## Supplied material
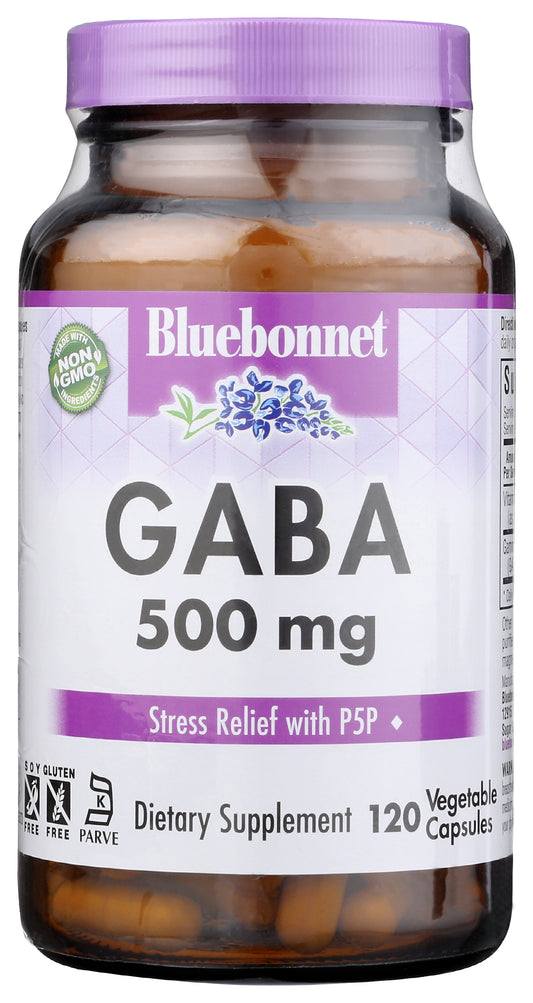 Bluebonnet Gaba 500 mg 120 Vegetable Capsules Front
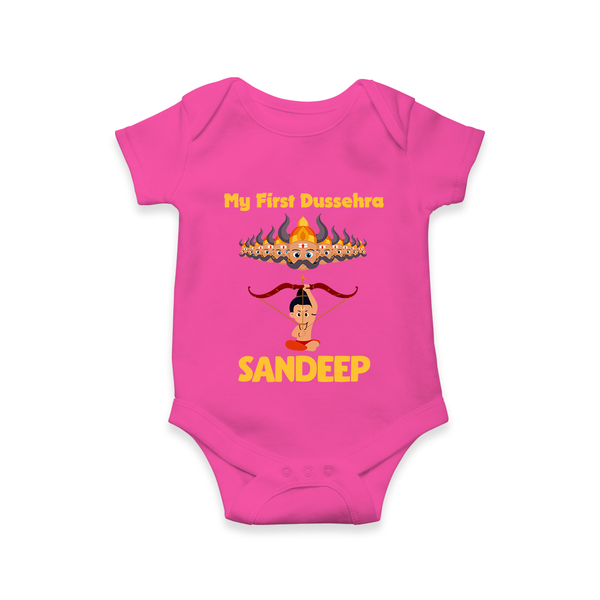 Arrow of Goodness My First Dussehra Romper | Custom Festival Baby Romper - HOT PINK - New Born (Chest 14")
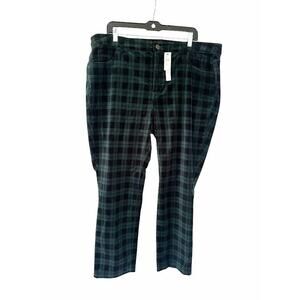 NYDJ Velveteen Green Plaid Lift Tuck Technology Stretch Straight Pants Size 18WP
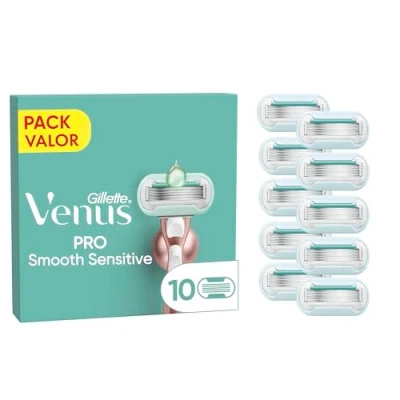 Imagen de Gillette Venus Pro Smooth Sensitive Recambios Para Maquinilla De Mujer, Pack 10 Cuchillas Recambio Con 5 Hojas y Banda Lubricante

## What this task involves
Return the listing verbatim; pictures are not part of the copy.

## Task output
 Bluebonnet Gaba 500 mg 120 Vegetable Capsules Front
 Arrow of Goodness My First Dussehra Romper | Custom Festival Baby Romper - HOT PINK - New Born (Chest 14")
 NYDJ Velveteen Green Plaid Lift Tuck Technology Stretch Straight Pants Size 18WP
 Imagen de Gillette Venus Pro Smooth Sensitive Recambios Para Maquinilla De Mujer, Pack 10 Cuchillas Recambio Con 5 Hojas y Banda Lubricante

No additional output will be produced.